YOUR GOAL:
Character for character, transcribe the entries below, minus the images.

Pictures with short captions

-=-=-

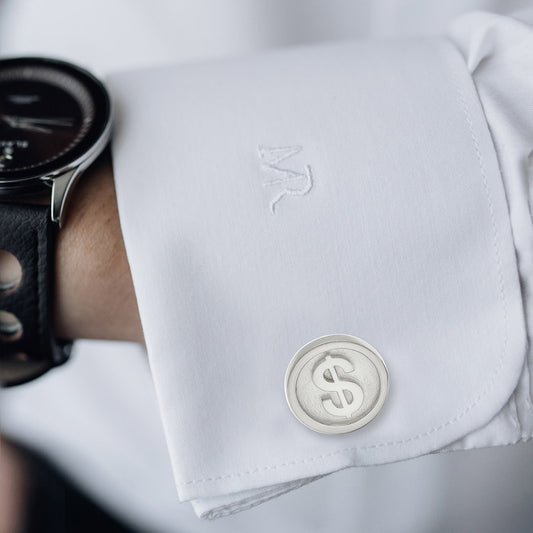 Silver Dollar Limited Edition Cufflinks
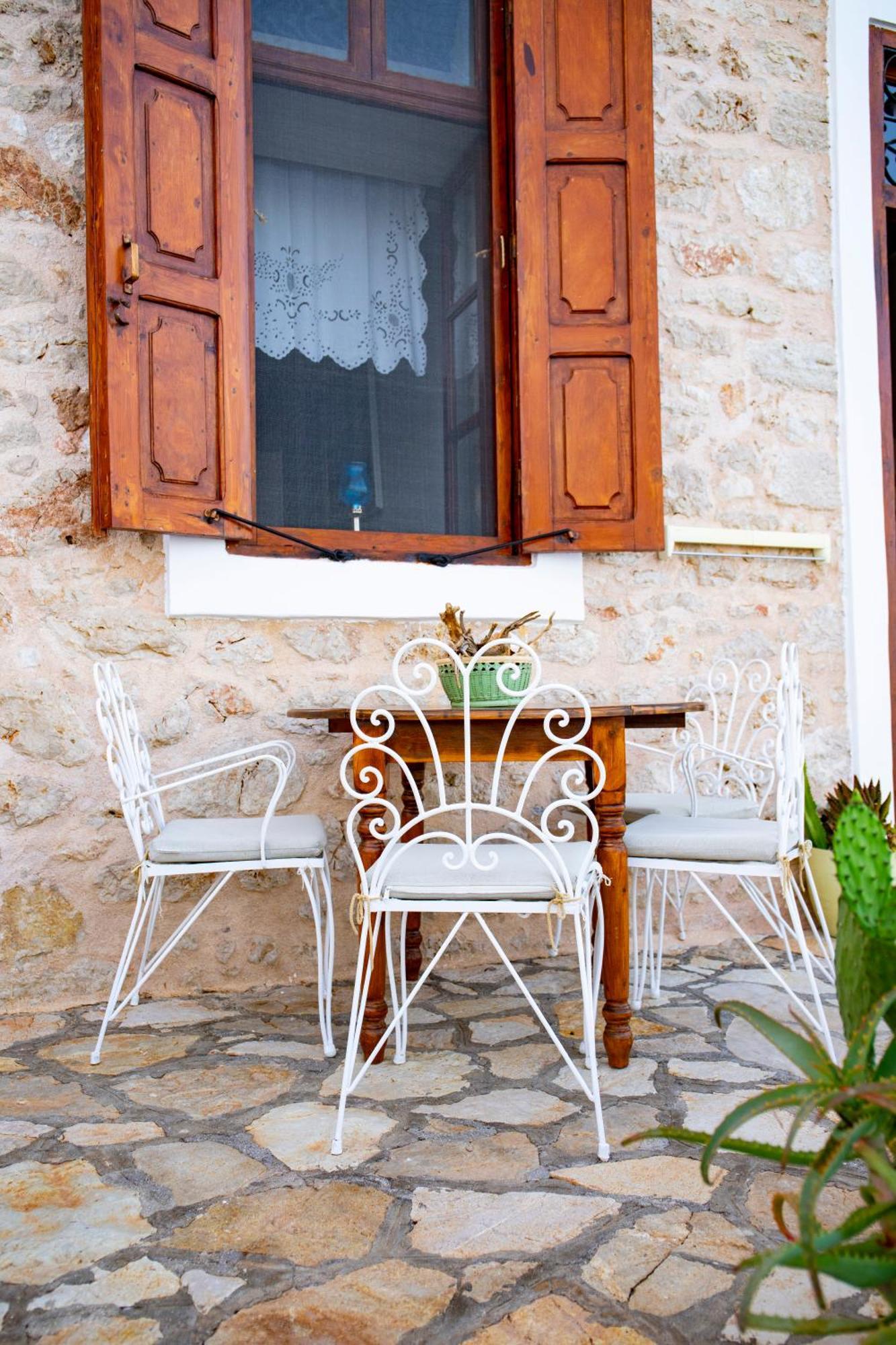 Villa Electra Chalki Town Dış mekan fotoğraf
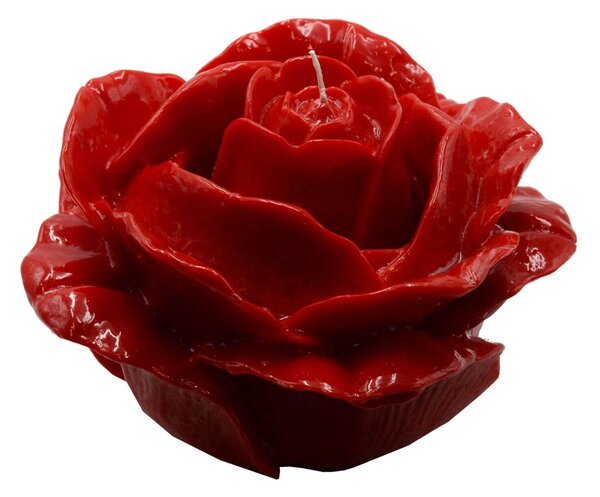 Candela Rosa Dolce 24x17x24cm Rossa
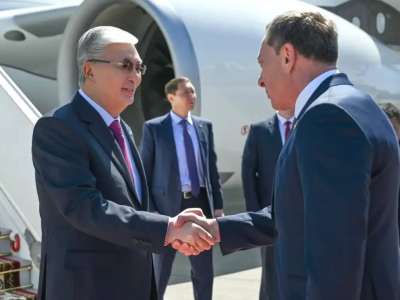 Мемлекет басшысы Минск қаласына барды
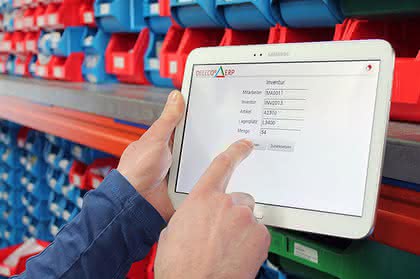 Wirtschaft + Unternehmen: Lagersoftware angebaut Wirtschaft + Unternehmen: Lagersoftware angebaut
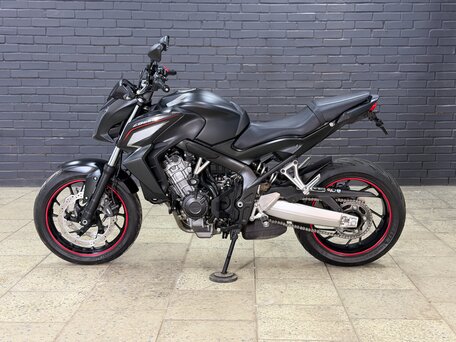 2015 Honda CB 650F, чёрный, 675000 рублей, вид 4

-=-=-

ANSWER SECTION:
 Silver Dollar Limited Edition Cufflinks
 Villa Electra Chalki Town Dış mekan fotoğraf
 Candela Rosa Dolce 24x17x24cm Rossa
 Мемлекет басшысы Минск қаласына барды
 Wirtschaft + Unternehmen: Lagersoftware angebaut Wirtschaft + Unternehmen: Lagersoftware angebaut
 2015 Honda CB 650F, чёрный, 675000 рублей, вид 4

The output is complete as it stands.